ElasticSearch:从multi_match获取不同的字段值

时间:2018-07-24 09:44:07

标签: elasticsearch

具有多个multi_matches的我的查询如下:

"query": {
   "bool": {
     "should" : [
       {"multi_match" : {
         "query": "test",
         "fields":     ["field1^15", "field2^8"],
         "tie_breaker": 0.2,
         "minimum_should_match": "50%"
       }},
       {"multi_match" : {
          "query": "test2",
          "fields":     ["field1^15", "field2^8"],
          "tie_breaker": 0.2,
          "minimum_should_match": "50%"
         }
        }
      ]
     }
    }

我想获取与查询匹配的所有不同的field1值。

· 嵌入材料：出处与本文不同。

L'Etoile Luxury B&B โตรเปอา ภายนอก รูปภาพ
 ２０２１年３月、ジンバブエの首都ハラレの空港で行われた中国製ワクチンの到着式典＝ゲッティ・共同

我怎么能知道呢?

编辑: 映射:

"field1": {
          "type": "text",
          "fields": {
            "keyword": {
              "type": "keyword",
              "ignore_above": 256
            }
          },
          "analyzer": "nGram_analyzer"
        }

这是我到目前为止尝试过的(我仍然获得多个相同的field1值):

"query": {
   "bool": {
     "should" : [
       {"multi_match" : {
         "query": "test",
         "fields":     ["field1^15", "field2^8"],
         "tie_breaker": 0.2,
         "minimum_should_match": "50%"
       }},
       {"multi_match" : {
          "query": "test2",
          "fields":     ["field1^15", "field2^8"],
          "tie_breaker": 0.2,
          "minimum_should_match": "50%"
         }
        }
      ]
     }
    },
"aggs": {
    "field1": {
      "terms": {
        "field": "field1.keyword",
        "size": 100 //1
      }
    }
  }

更新:

查询

    GET /test/test/_search
{
  "_source": ["field1"],
  "size": 10000,
  "query": {
                    "multi_match" : {
                      "query":      "test",
                      "fields":     ["field1^15", "field2^8"],
                      "tie_breaker": 0.2,
                      "minimum_should_match": "50%"
                    }
                },
  "aggs": {
    "field1": {
      "terms": {
        "field": "field1.keyword",
        "size": 1
      }
    }
  }
}

产生

{
  "took": 4,
  "timed_out": false,
  "_shards": {
    "total": 10,
    "successful": 10,
    "skipped": 0,
    "failed": 0
  },
  "hits": {
    "total": 35,
    "max_score": 110.26815,
    "hits": [
      {
        "_index": "test",
        "_type": "test",
        "_id": "AVzz99c4X4ZbfhscNES7",
        "_score": 110.26815,
        "_source": {
          "field1": "test-hier"
        }
      },
      {
        "_index": "test",
        "_type": "test",
        "_id": "AVzz8JWGX4ZbfhscMwe_",
        "_score": 107.45808,
        "_source": {
          "field1": "test-hier"
        }
      },
      {
        "_index": "test",
        "_type": "test",
        "_id": "AVzz8JWGX4ZbfhscMwe_",
        "_score": 107.45808,
        "_source": {
          "field1": "test-da"
        }
      },
      ...

因此实际上应该只有一个“ test-hier”。

1 个答案:

答案 0 :(得分:0)

您可以在terms字段上添加field1.keyword聚合,然后会得到所有不同的值(您可以将大小更改为与字段的基数更匹配的任何其他值):

{
  "size": 0,
  "query": {...},
  "aggs": {
    "field1": {
      "terms": {
        "field": "field1.keyword",
        "size": 100
      },
      "aggs": {
        "single_hit": {
          "top_hits": {
            "size": 1
          }
        }
      }
    }
  }
}